The Blue Girls match him in virtuosity, and two of the company’s most stylish dancers were in cracking form. Laura Morera is the principal in the company with the greatest affinity to Ashton’s movements – his extravagant bends and épaulements – and she impressed not least in her speedy turns and held arabesques penchées. Yuhui Choe is fast rising through the ranks, and with good cause: she is naturally musical and allies stylish and natural movement with strong technique.
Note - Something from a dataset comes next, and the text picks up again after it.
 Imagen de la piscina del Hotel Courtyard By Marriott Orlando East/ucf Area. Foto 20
Her slow, quick, slow fouettés were excellent indeed.
I was impressed by the less accomplished (on ice) Red Girls, although Laura McCulloch has the edge, with a generosity of movement and the coordination of head, arms and torso that is so essential in Ashton. There was also sterling work from a well drilled corps.
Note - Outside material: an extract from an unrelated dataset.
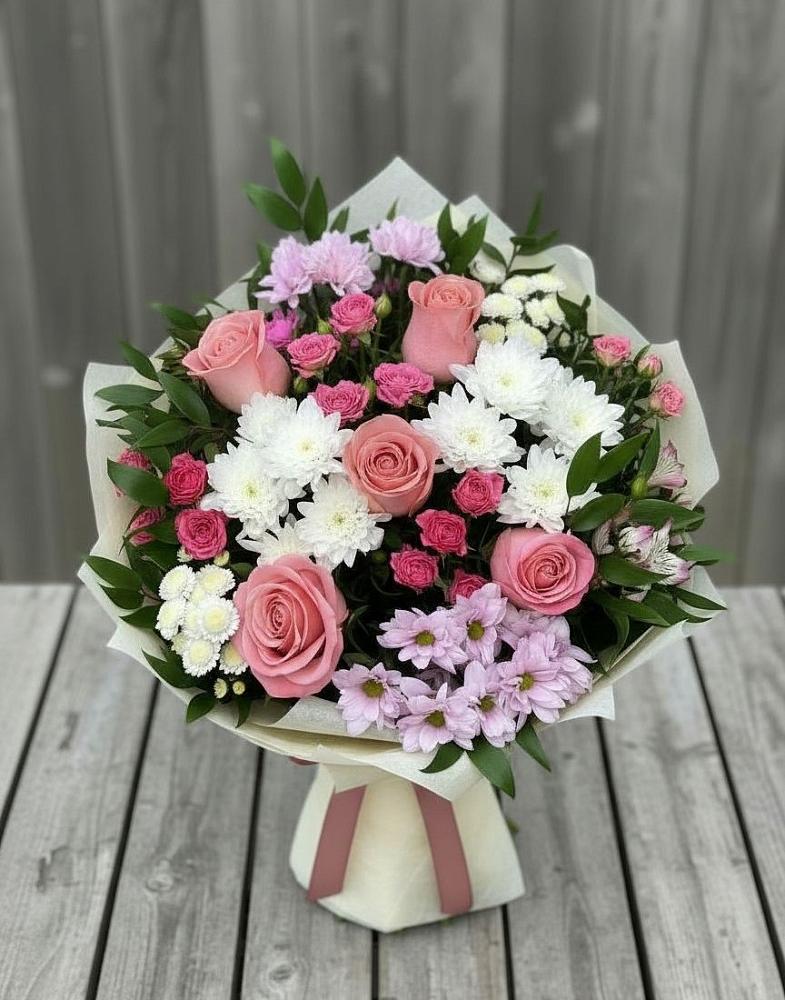Букет цветов из: Альстромерии, Гвоздики, Розы и Хризантемы в Астрахани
Paul Murphy conducted a sprightly performance of this deliciously tuneful score, quickening the pulse of the dance and breathing life into it while the Royal Ballet Sinfonia threw itself wholeheartedly into this music and contributed greatly to the overall success. A notable performance indeed.
As with Les Patineurs, the revival is vintage, the cast alive to the nuances that exist despite the furry masks and body suits which so perfectly recreate Potter’s characters. It is such fun, and though a tad long, full of many felicities. The children ooooh and aaaah when they see familiar characters, the adults purr in nostalgic wallowing and the balletomanes count Ashton’s numerous, sly references to ballets from the classical and his own repertoire: Nutcracker, Swan Lake, Sleeping Beauty, The Dream, Fille mal gardée cascade from the stage while we think ‘this is Fred having fun!’. Outstanding was Jonathan Howells’ Mrs Tiggywinkle, the benign hedgehog, created by Ashton for himself and designed to show off his narrow, elegant ankles (of which he was immensely proud). Howells has been with the company for a long time, and understands Ashton – his execution of the ‘Fred Step’, a lucky movement which the choreographer put into almost every ballet he made, was spot on.
Bennett Gartside’s goofy Pigling Bland and Laura Morera’s characterful and intensely musical Pig-Wig made their pas de deux a real highlight, while Paul Kay bounced and bristled as the cheekiest of Squirrel Nutkins. A romp, a delight, a soufflé maybe – but delicious nevertheless.